Del fenomeno dell’esplorazione urbana o “Urbex”, come comunemente viene definito in gergo, ne abbiamo sentito parlare abbondantemente e sotto molti punti di vista.

Quello che pochi sanno sono le origini di questo movimento che unisce moltissimi fotografi in tutto il mondo.

A parte qualche sporadico esempio di fotografia di abbandoni negli anni ’60 in America, un timido approccio di Luigi Ghirri in Italia e un lavoro documentale dei coniugi Becher in Germania, il successo di questa particolare forma di documentazione fotografica è dovuto principalmente al lavoro di un canadese di Toronto. Jeff Chapman, meglio conosciuto sul web con lo pseudonimo di Ninjalicious, nel 1996 creò una rivista on line dal nome Infiltration dove, per la prima volta, si parlava in maniera strutturata di tutti gli aspetti legati all’esplorazione urbana. Nel 2005, poco prima della sua morte per un carcinoma, pubblicò il libro Access alla Area, divenuto in breve tempo una sorta di testo sacro per gli amanti dell’Urbex. Da quel giorno il movimento è cresciuto in tutto il mondo in modo esponenziale costruendo negli anni un vero e proprio manifesto il cui motto è: “Prendi solo foto e lascia solo impronte”. Curiosa la paternità di questa citazione che, opportunamente traslata ai giorni nostri, sembra appartenere ad un capo nativo americano famoso per la sua dedizione alla salvaguardia del territorio. Proprio intorno a queste parole orbita il pianeta Urbex.

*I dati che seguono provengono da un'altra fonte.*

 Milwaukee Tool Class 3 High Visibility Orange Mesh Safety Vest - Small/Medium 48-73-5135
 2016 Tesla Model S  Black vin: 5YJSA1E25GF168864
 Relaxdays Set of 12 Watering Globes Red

Il filo trainante, che guida il movimento è, senza dubbio, la voglia di riportare alla memoria luoghi senza più futuro e l’impegno per la loro salvaguardia. Azioni portate avanti attraverso documentazione fotografica, articoli, blog, sensibilizzazione sociale, organizzazione di eventi tesi a risvegliare l’attenzione dell’opinione pubblica. L’esploratore urbano si innamora irrimediabilmente dei luoghi visitati, non si accontenta di scattare qualche foto, sente il desiderio di conoscerne la storia, l’impatto sul territorio, i miti e le leggende. Per questo ne diventa protettore fedele.

L’approccio è sempre rispettoso, come recita il motto, il fotografo cerca di mantenere lo stato originale dei luoghi, senza spostare o sottrarre niente e cercando di lasciare intatta l’atmosfera trovata. Questo è uno dei motivi per cui l’esploratore urbano è sempre restio a divulgare pubblicamente le proprie scoperte, da sempre gli edifici abbandonati sono preda di ladri, organizzatori di eventi poco legali, ragazzi in cerca di emozioni forti e profanatori vari. Purtroppo gli esempi di edifici completamente deturpati sono sempre meno rari.

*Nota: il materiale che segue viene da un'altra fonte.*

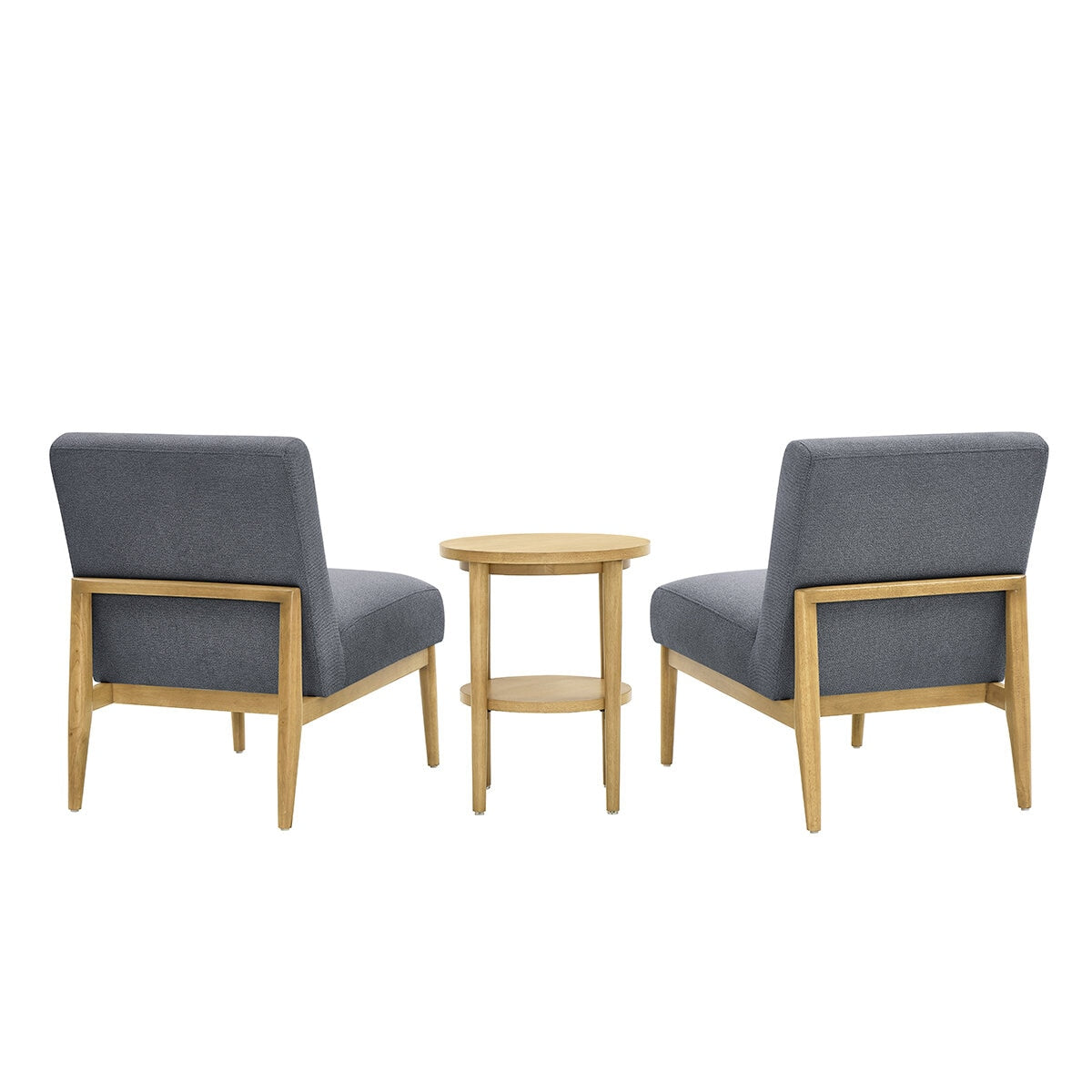 Thomasville Fabric Chair And Accent 3 Piece Table Set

Il lato buono è che, grazie al lavoro di appassionati fotografi, tante associazioni e istituzioni hanno preso a cuore questi luoghi creando progetti di salvaguardia e rivalutazione, riportando all’antico splendore dimore storiche, complessi industriali e altre realtà custodi di memoria. Io stesso, nei sette anni di continuo peregrinare alla ricerca di abbandoni, mi sono impegnato nel sensibilizzare la collettività tramite mostre dedicate, incontri con le amministrazioni, collaborazioni con riviste e quant’altro.

Nell’ultimo progetto The sound of oblivion ho letteralmente ridato voce ad alcuni luoghi creando delle installazioni multimediali in cui le immagini venivano accompagnate dai suoni e dalle voci che, presumibilmente, erano presenti prima che la struttura in questione cadesse nell’oblio. Attraverso questo processo di riconsiderazione possiamo tornare a vivere attivamente la storia del nostro Paese, prendendosi cura del territorio e dei gioielli che custodisce. Noi siamo il frutto di queste storie, degli sforzi che i nostri predecessori hanno fatto, è nostro compito onorare questi lasciti in modo che le future generazioni ne possano beneficiare.